§ WHAT NEEDS TO BE DONE: In the records below, find the line holding "High School Musical"; copy it and every line after it to the end, omitting all images.
※
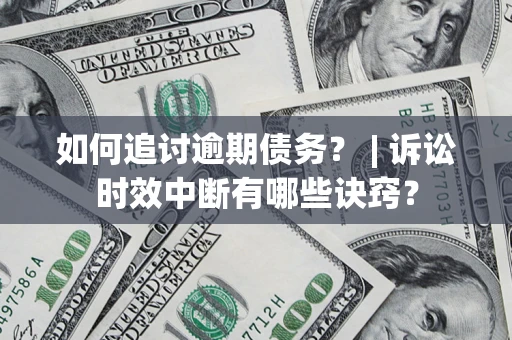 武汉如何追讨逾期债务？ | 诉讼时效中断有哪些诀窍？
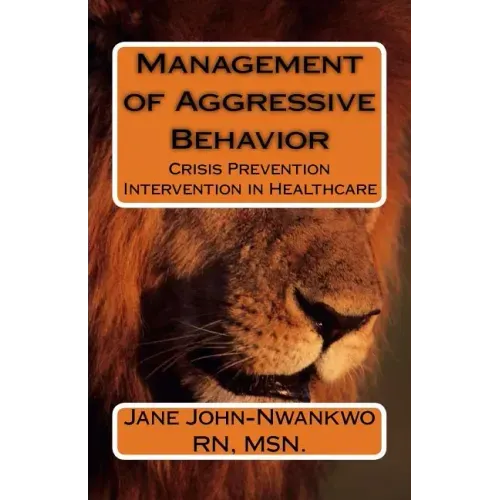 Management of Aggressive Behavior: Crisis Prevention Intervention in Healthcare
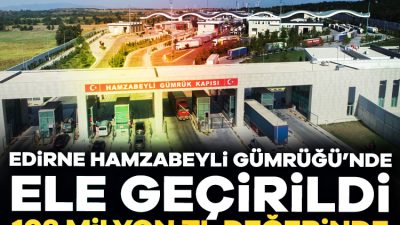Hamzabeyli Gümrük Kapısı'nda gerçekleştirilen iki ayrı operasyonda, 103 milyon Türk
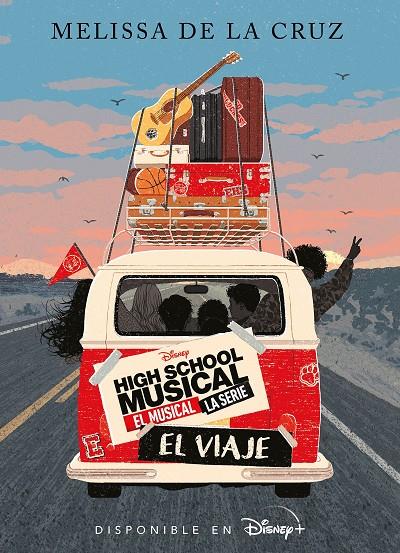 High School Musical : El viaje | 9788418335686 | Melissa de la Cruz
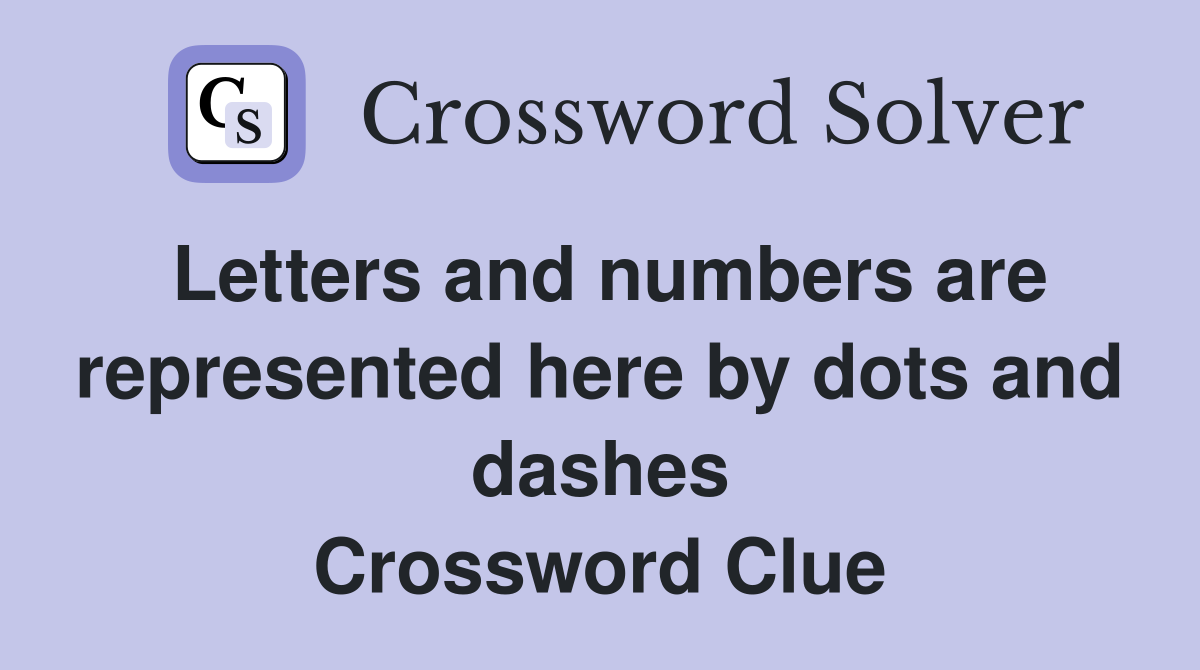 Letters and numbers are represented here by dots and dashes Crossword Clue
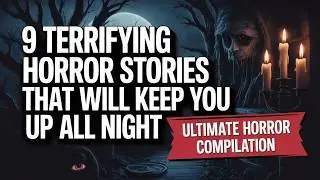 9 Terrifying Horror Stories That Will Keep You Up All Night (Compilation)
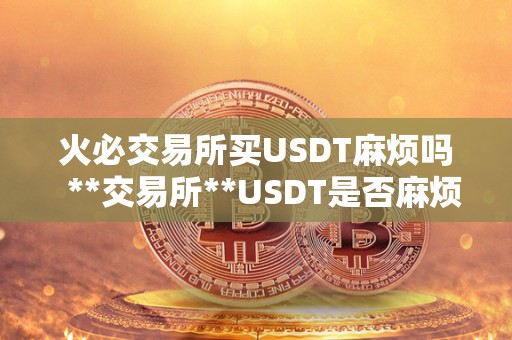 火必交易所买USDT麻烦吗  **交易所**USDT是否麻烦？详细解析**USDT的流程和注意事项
※
§ RESPONSE FOR THIS EXERCISE:
 High School Musical : El viaje | 9788418335686 | Melissa de la Cruz
 Letters and numbers are represented here by dots and dashes Crossword Clue
 9 Terrifying Horror Stories That Will Keep You Up All Night (Compilation)
 火必交易所买USDT麻烦吗  **交易所**USDT是否麻烦？详细解析**USDT的流程和注意事项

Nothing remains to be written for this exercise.